Abstract

AbstractIn probabilistic flood modeling, uncertainty manifests in frequency of occurrence, or histograms, for quantities of interest, including the Flood Extent and hazard rating (HR). Such modeling at the field‐scale requires the identification of a more efficient alternative to the Standard Monte Carlo (SMC) method that can reproduce comparable output probability distributions with a relatively reduced sample size, including detailed histograms of quantities of interest. Latin hypercube sampling (LHS) is the most evaluated alternative for fluvial floods but yields no considerable sample size reduction. Potentially better alternatives include adaptive stratified sampling (ASS), Quasi Monte Carlo (QMC) and Haar‐wavelet expansion (HWE), which are yet unevaluated for probabilistic flood modeling. To fulfill this gap, LHS, ASS, QMC, and HWE are compared to quantify sample size reduction to reproduce output detailed histograms—for Flood Extent, and average and maximum HR—while keeping the difference below 10% to the reference SMC prediction.
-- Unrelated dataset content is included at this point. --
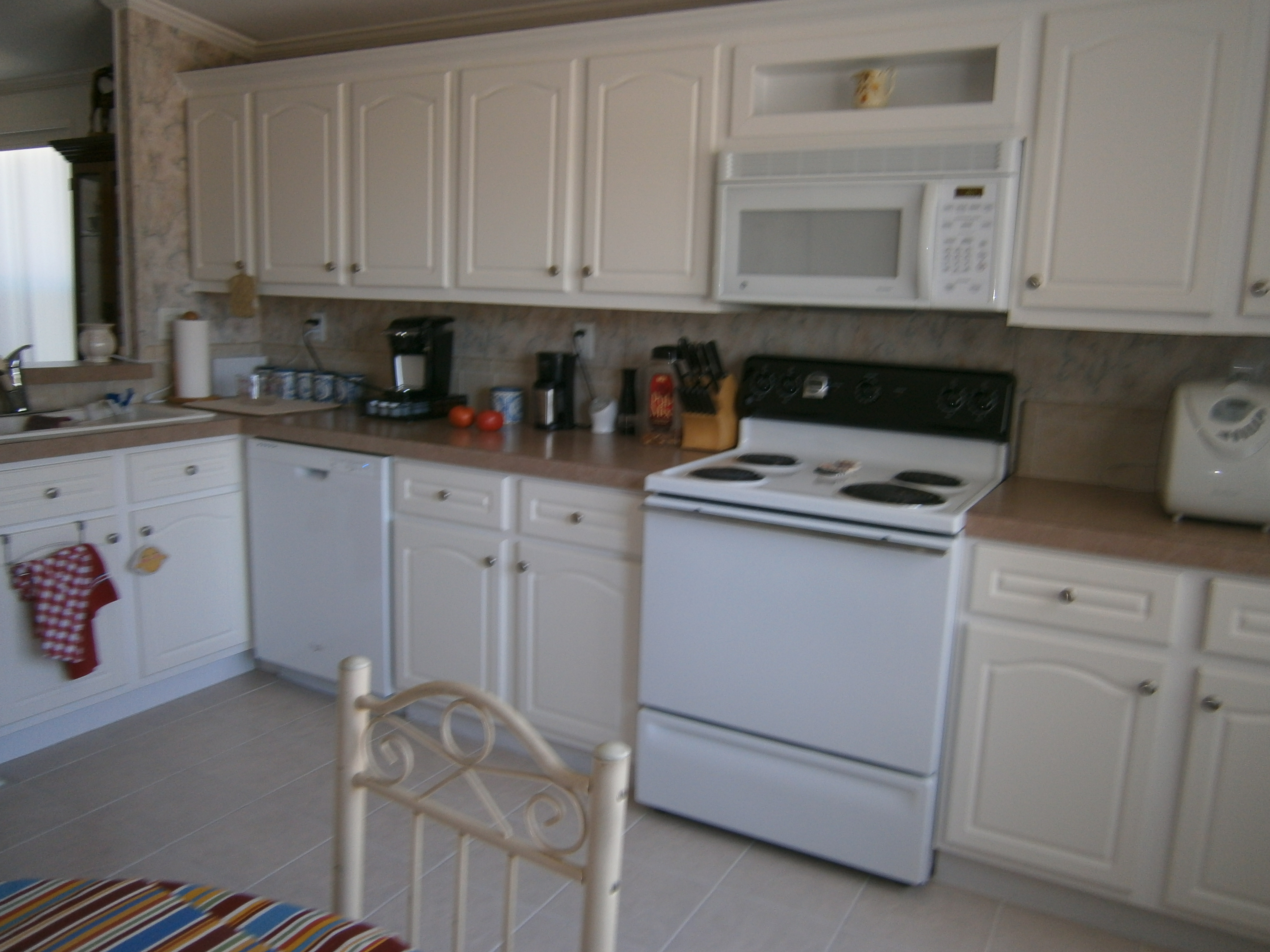 5604Whistling Tree Lane, Bradenton, FL 34203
The comparison is done for two test cases with two (i.e., inflow discharge and Manning's coefficient) and three (i.e., further including the ground elevation) input random variables, and a real case with five input random variables. With two input random variables, all four alternatives yield sample size reductions, with QMC and HWE considerably outperforming the others; with three and more input random variables, HWE becomes inflexible and LHS underperforms. Still, QMC is a better choice than ASS to boost sample size reduction for the real case and shall be preferred in probabilistic flood modeling. Accompanying research codes are openly available online.